◆ **DIRECTIONS**
Your task is to repeat the entries exactly. Leave the pictures out.

** RECORDS FOR THIS EXERCISE follows **

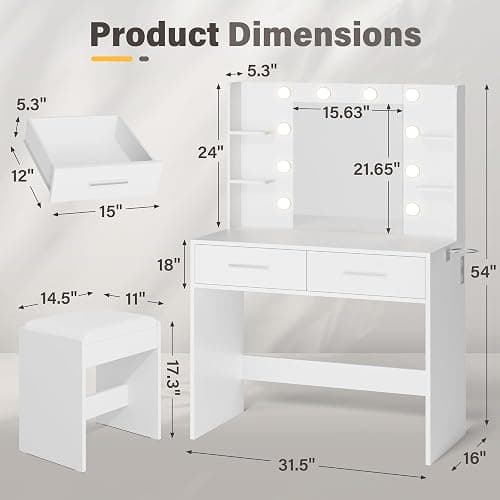 YESHOMY Vanity Desk with Mirror, Makeup Table with 2 Large Drawers, Power Outlet and Round Holder, 3 Color Modes Adjustable Bulb, Bench Included, Easy Assembly, Gloss White thumbnail 2
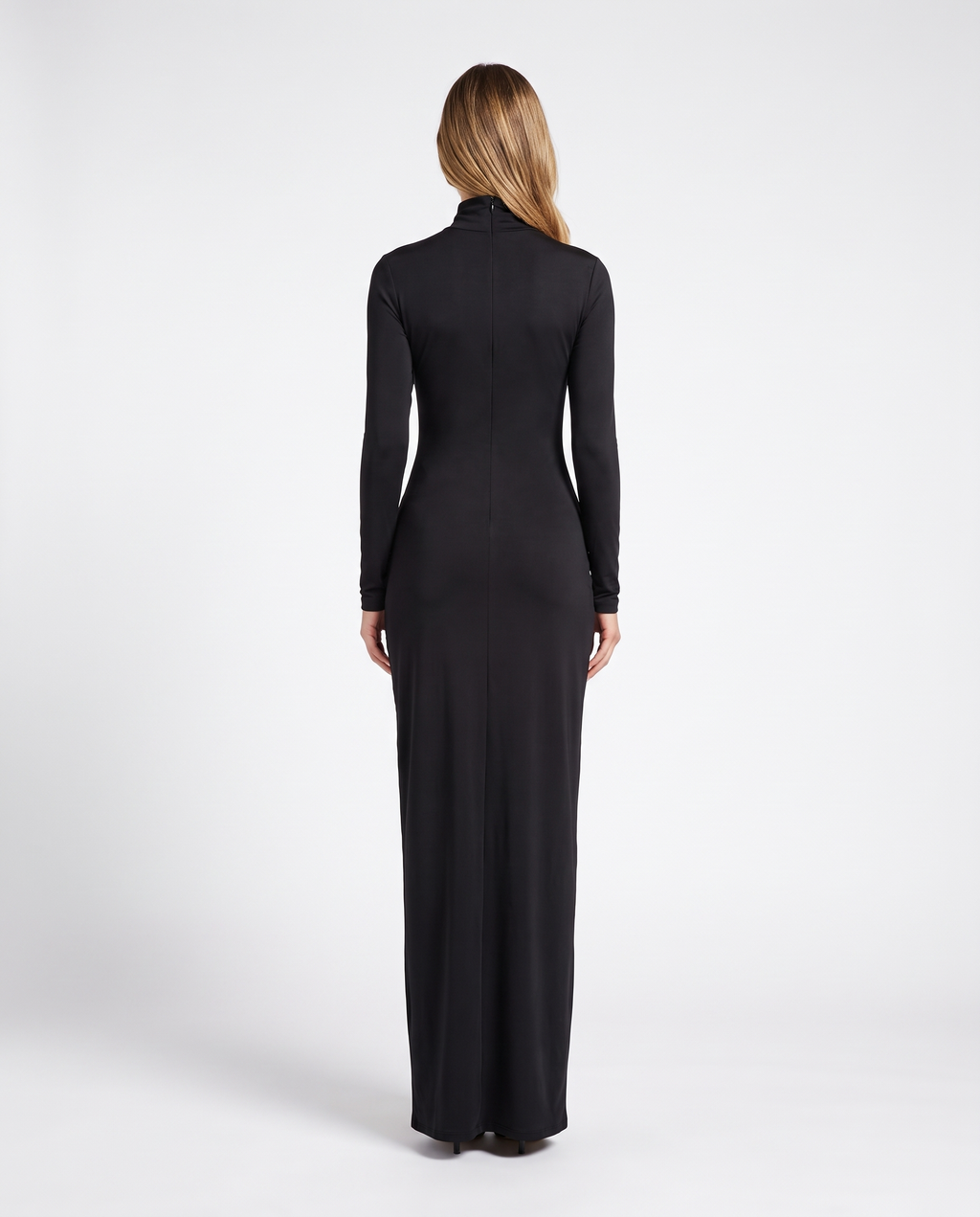 Black Turtleneck Long Sleeve Bodycon Maxi Dress
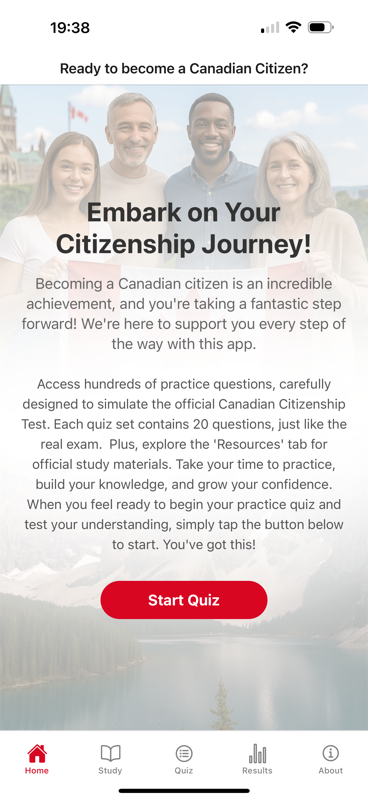 Embark on Your Journey screen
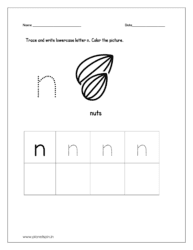 Trace and write the lowercase letter n. Then color the picture (nuts).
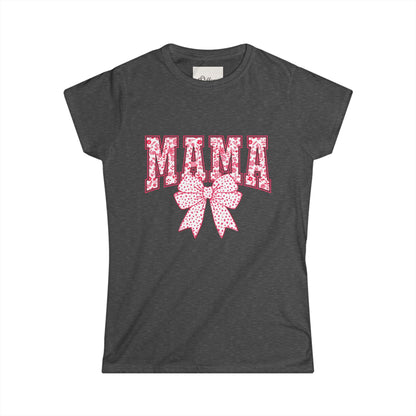 Mama Floral Bow Women's Tee — Pink Floral "MAMA" Graphic T-Shirt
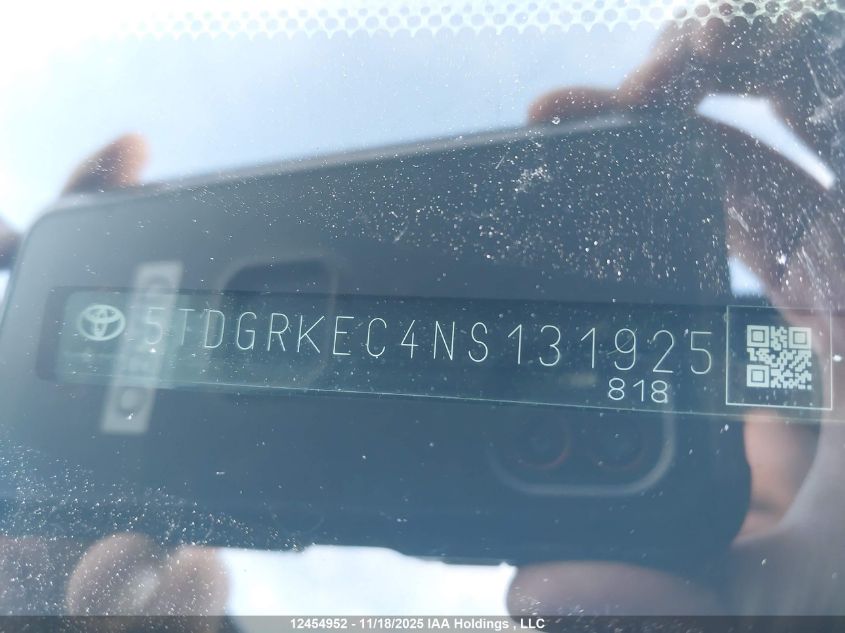 2022 Toyota Sienna Le 8-Passenger VIN: 5TDGRKEC4NS131925 Lot: 12454952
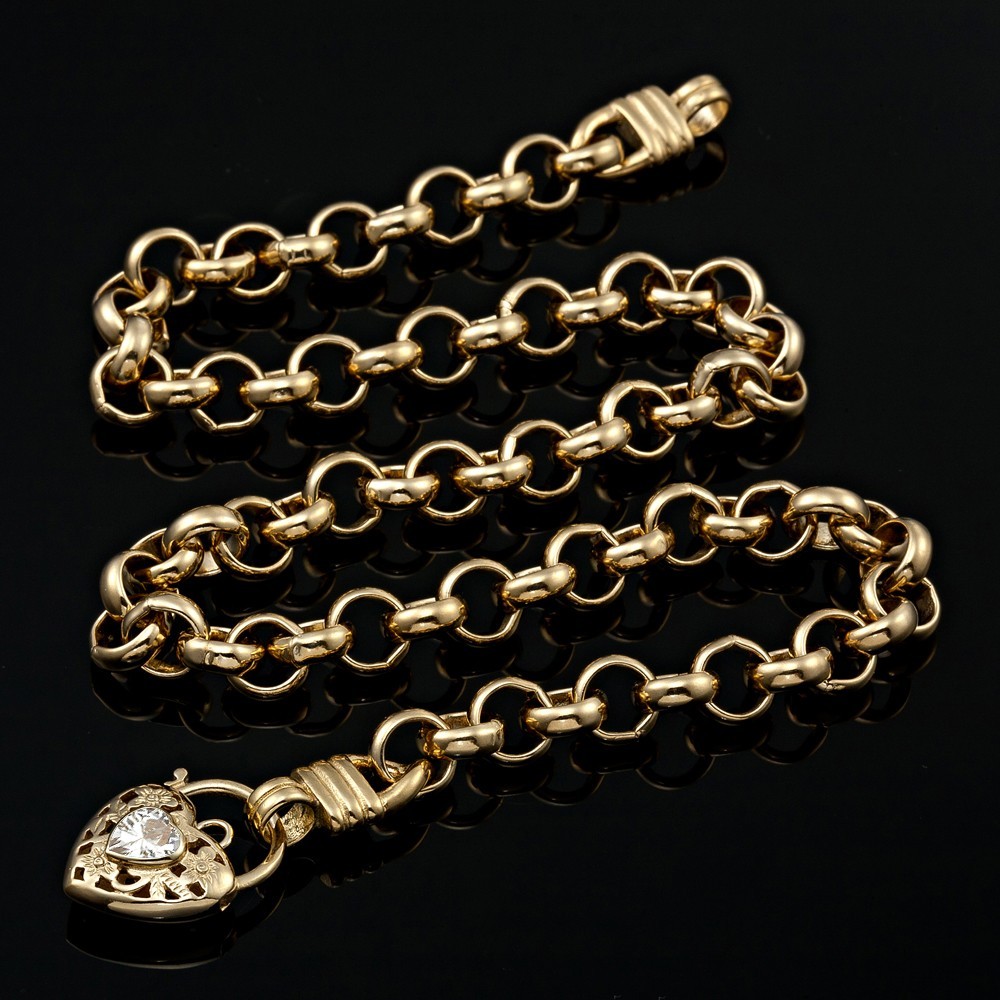 18KGL Thick Solid Rolo Yellow Gold Necklace Filigree Heart Padlock Crystal Clear
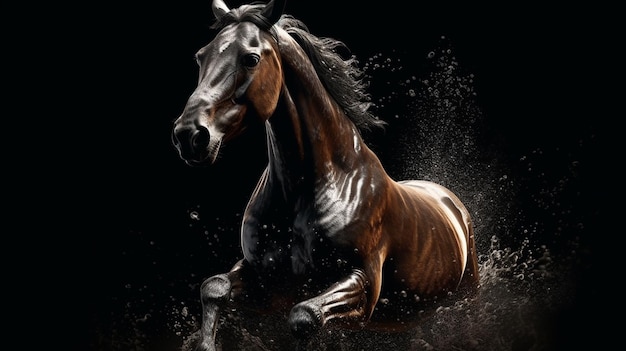 Premium Photo | Black horse with splashes of water on a black ...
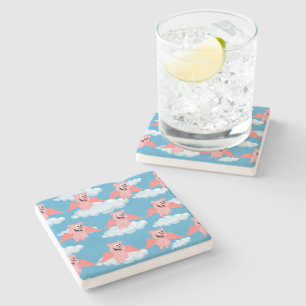 Smiling Pig Pink Wings Flying Animal Funny Cartoon Stone Coaster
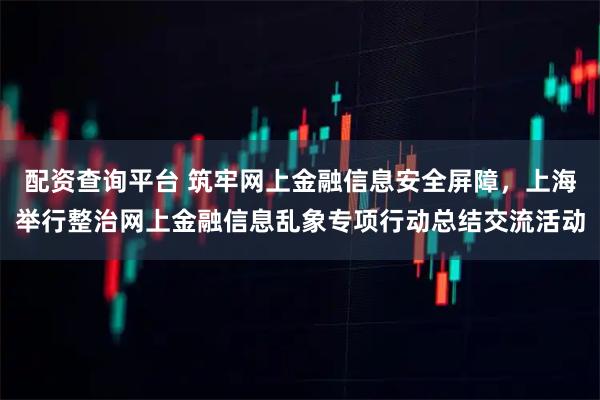 配资查询平台 筑牢网上金融信息安全屏障，上海举行整治网上金融信息乱象专项行动总结交流活动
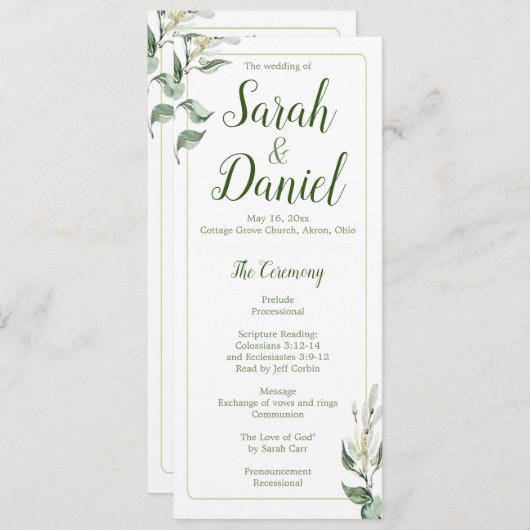 Programme de mariage floral vert, or et blanc (Devant / Derrière)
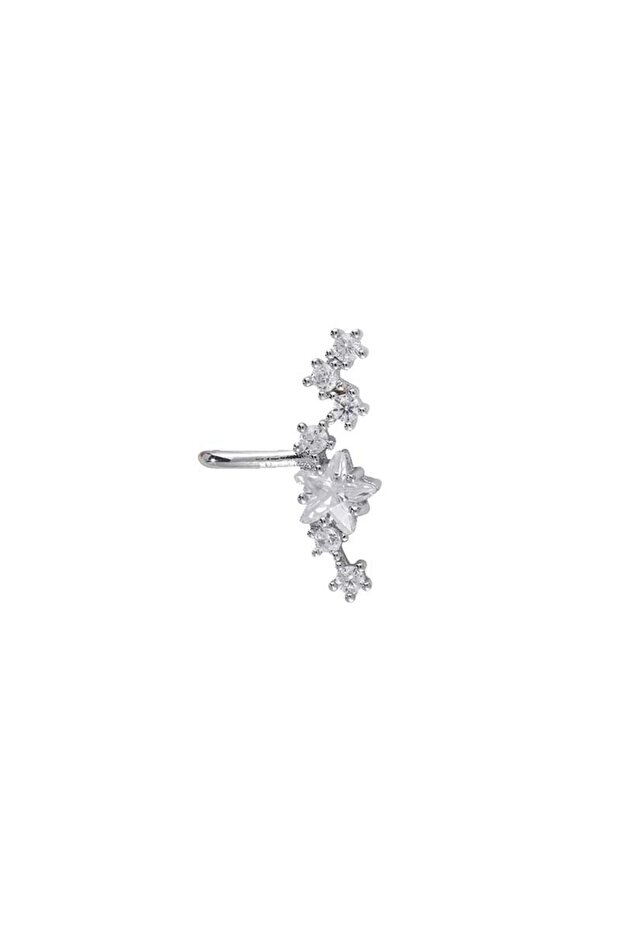 1Pcs silver right A Girl 1Pcs Stars Five-Pointed Star Zircon Earring Flowers Inlaid No Ear Hole Ear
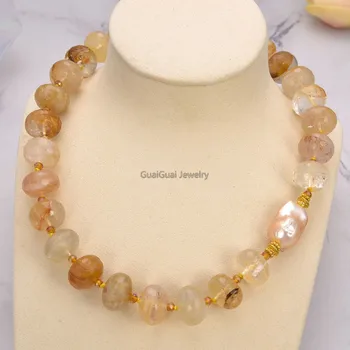 GG Jewelry 20'' 13x18mm Brazilian Golden Quartz Rondelle Pink Keshi Pearl Necklace
GG Jewelry 20'' 13x18mm Brazilian Golden Quartz Rondelle Pink Keshi Pearl Necklace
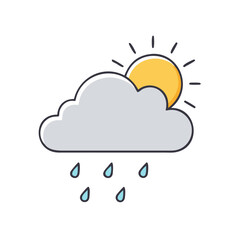 cloud with rain and sun vector icon, cloud with rain and sun vector illustration - simple illustration of cloud with rain and sun, perfect for logos,and cloud with rain and sun -themed designs.
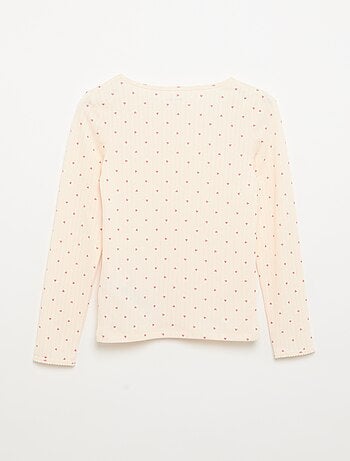 Set van 2 T-shirts met lange mouwen van fantasietricot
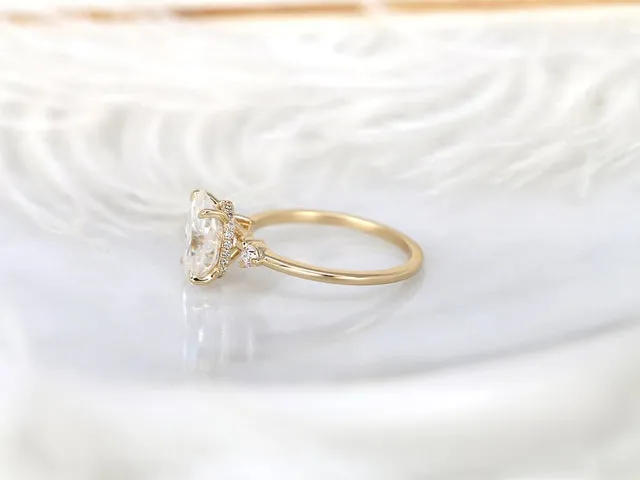 2.50ct Glenda 10x7mm 14kt Gold Moissanite Diamond Hidden Halo 3 Stone Engagement Ring vy 6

** End of RECORDS FOR THIS EXERCISE **

◆ **SOLUTION**
 YESHOMY Vanity Desk with Mirror, Makeup Table with 2 Large Drawers, Power Outlet and Round Holder, 3 Color Modes Adjustable Bulb, Bench Included, Easy Assembly, Gloss White thumbnail 2
 Black Turtleneck Long Sleeve Bodycon Maxi Dress
 Embark on Your Journey screen
 Trace and write the lowercase letter n. Then color the picture (nuts).
 Mama Floral Bow Women's Tee — Pink Floral "MAMA" Graphic T-Shirt
 2022 Toyota Sienna Le 8-Passenger VIN: 5TDGRKEC4NS131925 Lot: 12454952
 18KGL Thick Solid Rolo Yellow Gold Necklace Filigree Heart Padlock Crystal Clear
 Premium Photo | Black horse with splashes of water on a black ...
 Smiling Pig Pink Wings Flying Animal Funny Cartoon Stone Coaster
 配资查询平台 筑牢网上金融信息安全屏障，上海举行整治网上金融信息乱象专项行动总结交流活动
 Programme de mariage floral vert, or et blanc (Devant / Derrière)
 1Pcs silver right A Girl 1Pcs Stars Five-Pointed Star Zircon Earring Flowers Inlaid No Ear Hole Ear
 GG Jewelry 20'' 13x18mm Brazilian Golden Quartz Rondelle Pink Keshi Pearl Necklace
GG Jewelry 20'' 13x18mm Brazilian Golden Quartz Rondelle Pink Keshi Pearl Necklace
 cloud with rain and sun vector icon, cloud with rain and sun vector illustration - simple illustration of cloud with rain and sun, perfect for logos,and cloud with rain and sun -themed designs.
 Set van 2 T-shirts met lange mouwen van fantasietricot
 2.50ct Glenda 10x7mm 14kt Gold Moissanite Diamond Hidden Halo 3 Stone Engagement Ring vy 6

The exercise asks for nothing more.